3.5.3. Case 2e: Impact of Changing DER Locations

In this case, the locations of DER-1 (capacity 500 kW) and DER-3 (capacity 700 kW) are interchanged compared to Case 2. Figure 22 illustrates the evolution of the most optimal DER strategies across iterations for this specific scenario, demonstrating the strategies adopted by the DERs to maximize their collective utility in each iteration.

Similarly, Figure 23 shows the evolution of individual utilities for both DERs and the MGO using these optimized strategies in each iteration. The stable strategies and corresponding individual utilities of DERs and the MGO for this case are detailed in Table 3.

As a result of the change in DER locations, there are alterations in the stable strategies and the individual utilities of DERs and the MGO, as anticipated. However, the fundamental conclusion drawn in Case 2, stating that DERs with higher capacities will have lower utilities, remains unchanged despite the shift in DER locations.
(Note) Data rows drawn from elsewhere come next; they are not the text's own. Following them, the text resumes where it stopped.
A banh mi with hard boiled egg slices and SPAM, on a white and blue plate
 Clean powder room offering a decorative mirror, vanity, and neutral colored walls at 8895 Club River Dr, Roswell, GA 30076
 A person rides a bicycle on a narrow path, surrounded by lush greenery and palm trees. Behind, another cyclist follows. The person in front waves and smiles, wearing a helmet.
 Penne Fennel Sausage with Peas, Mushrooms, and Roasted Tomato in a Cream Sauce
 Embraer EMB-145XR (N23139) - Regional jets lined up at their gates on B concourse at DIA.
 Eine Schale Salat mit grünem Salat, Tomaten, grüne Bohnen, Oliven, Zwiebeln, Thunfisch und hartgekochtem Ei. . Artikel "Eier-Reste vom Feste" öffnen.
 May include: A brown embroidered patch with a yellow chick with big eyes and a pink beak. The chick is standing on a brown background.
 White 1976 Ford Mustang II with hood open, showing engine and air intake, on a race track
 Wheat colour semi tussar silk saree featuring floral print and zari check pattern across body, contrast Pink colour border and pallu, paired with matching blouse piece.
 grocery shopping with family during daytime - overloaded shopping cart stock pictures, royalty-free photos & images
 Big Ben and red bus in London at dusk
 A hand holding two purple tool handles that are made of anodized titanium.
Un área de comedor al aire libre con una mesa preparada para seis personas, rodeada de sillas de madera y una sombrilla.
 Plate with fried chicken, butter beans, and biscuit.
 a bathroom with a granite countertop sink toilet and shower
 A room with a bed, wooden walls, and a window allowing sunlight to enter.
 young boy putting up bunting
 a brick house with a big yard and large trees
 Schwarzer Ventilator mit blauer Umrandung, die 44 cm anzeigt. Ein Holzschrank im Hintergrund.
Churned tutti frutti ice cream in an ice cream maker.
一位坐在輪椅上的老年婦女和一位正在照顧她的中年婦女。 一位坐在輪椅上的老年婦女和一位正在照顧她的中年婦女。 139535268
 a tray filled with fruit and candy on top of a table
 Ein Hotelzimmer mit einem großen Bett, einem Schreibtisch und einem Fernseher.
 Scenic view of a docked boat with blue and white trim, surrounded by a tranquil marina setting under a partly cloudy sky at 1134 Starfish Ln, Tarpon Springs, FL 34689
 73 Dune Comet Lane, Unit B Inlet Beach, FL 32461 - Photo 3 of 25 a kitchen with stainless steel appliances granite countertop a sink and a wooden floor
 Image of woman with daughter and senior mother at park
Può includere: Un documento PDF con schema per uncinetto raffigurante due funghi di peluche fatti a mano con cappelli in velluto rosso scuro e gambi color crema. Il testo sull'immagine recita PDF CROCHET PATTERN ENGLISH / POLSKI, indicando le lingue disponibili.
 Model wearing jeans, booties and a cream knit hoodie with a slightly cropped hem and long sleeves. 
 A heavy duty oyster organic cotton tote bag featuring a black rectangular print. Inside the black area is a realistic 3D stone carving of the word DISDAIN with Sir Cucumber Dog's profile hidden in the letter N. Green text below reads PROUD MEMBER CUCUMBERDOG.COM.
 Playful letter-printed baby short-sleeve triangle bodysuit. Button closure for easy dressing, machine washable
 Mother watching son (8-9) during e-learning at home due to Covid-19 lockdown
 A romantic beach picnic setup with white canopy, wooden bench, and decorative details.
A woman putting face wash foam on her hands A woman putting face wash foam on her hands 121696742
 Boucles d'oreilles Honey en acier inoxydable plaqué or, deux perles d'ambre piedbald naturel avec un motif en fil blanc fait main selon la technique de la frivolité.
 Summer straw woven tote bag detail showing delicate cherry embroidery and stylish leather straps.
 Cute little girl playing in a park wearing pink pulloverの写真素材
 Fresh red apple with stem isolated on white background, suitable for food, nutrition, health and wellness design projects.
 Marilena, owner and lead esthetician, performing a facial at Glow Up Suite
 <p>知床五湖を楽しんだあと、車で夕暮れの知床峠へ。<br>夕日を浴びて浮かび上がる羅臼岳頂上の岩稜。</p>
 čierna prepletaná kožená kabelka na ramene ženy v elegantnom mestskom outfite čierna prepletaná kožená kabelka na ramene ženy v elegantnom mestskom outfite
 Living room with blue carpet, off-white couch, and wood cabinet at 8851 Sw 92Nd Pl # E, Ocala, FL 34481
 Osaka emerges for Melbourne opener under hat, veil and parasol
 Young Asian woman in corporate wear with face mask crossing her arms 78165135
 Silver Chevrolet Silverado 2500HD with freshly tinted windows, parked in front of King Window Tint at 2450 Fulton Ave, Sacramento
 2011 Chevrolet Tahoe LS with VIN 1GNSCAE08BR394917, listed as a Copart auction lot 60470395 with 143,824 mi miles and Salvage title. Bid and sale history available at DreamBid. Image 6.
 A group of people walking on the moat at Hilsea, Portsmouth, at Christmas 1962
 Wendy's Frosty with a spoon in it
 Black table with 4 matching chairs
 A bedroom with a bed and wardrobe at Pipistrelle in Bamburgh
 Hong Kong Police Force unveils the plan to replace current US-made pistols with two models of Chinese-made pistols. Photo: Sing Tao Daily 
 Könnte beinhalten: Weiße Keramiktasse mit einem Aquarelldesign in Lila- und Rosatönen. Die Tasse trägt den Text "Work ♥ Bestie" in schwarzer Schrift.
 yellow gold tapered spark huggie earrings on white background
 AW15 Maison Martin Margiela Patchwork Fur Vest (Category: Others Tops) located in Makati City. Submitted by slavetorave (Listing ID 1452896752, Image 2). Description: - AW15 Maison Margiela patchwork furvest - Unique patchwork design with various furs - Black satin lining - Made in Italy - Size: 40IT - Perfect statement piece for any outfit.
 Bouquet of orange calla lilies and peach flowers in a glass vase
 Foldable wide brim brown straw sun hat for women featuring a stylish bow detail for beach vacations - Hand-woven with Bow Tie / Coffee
3.6. Computational Requirements of the Proposed Approach

The proposed approach has been executed on a personal computer featuring a 64-bit 12th generation Intel i5 core processor clocked at 1.6 GHz, 16 GB of RAM, and operating on the Windows 10 platform. The execution time required for the proposed approach to complete 250 iterations with a population size of 20 ranged between 12 to 14 min.

4. Conclusions and Future Work

The evolutionary game dynamics between DERs and the MGO have been analyzed in this study, elucidating their roles as players with conflicting objectives within the microgrid ecosystem. Despite the alignment of DERs’ individual goals, they engage in competitive behaviors, influencing each other’s utility functions based on their adopted strategies. The evolutionary analysis of DERs’ strategies was conducted via four case studies executed on a modified IEEE 13-node distribution microgrid, shedding light on the resultant stable strategies in each scenario.

In non-cooperative scenarios, DERs can benefit from optimizing their individual utility functions but at the expense of degrading the microgrid’s overall power factor, subsequently diminishing the MGO’s utility. Cooperative settings marginally favored the MGO; however, the enhancement in the MGO’s individual utility was limited. Notably, the scenario where all DERs are owned by the MGO exemplified the attainment of maximum individual utility by the MGO, a common occurrence in microgrids managed by a single entity. Conversely, in deregulated settings, competition or mutual cooperation among DERs and the MGO prevails.

The cooperation among DERs revealed a tradeoff: higher-capacity DERs adjusted their strategies to generate less power due to penalties in their utility functions. This underscores the complexity of tradeoffs in pursuing collective gains. These findings highlight intricate dynamics and interactions within microgrid environments, emphasizing the importance of understanding DERs’ strategic behaviors for efficient and sustainable energy management in regulated and deregulated settings.

Potential future work could involve an in-depth analysis of evolutionary game dynamics considering various types of DERs, such as PV systems, wind energy sources, batteries, and other emerging technologies. Exploring these diverse DER types could offer a comprehensive understanding of their distinct strategic behaviors and interactions within microgrids.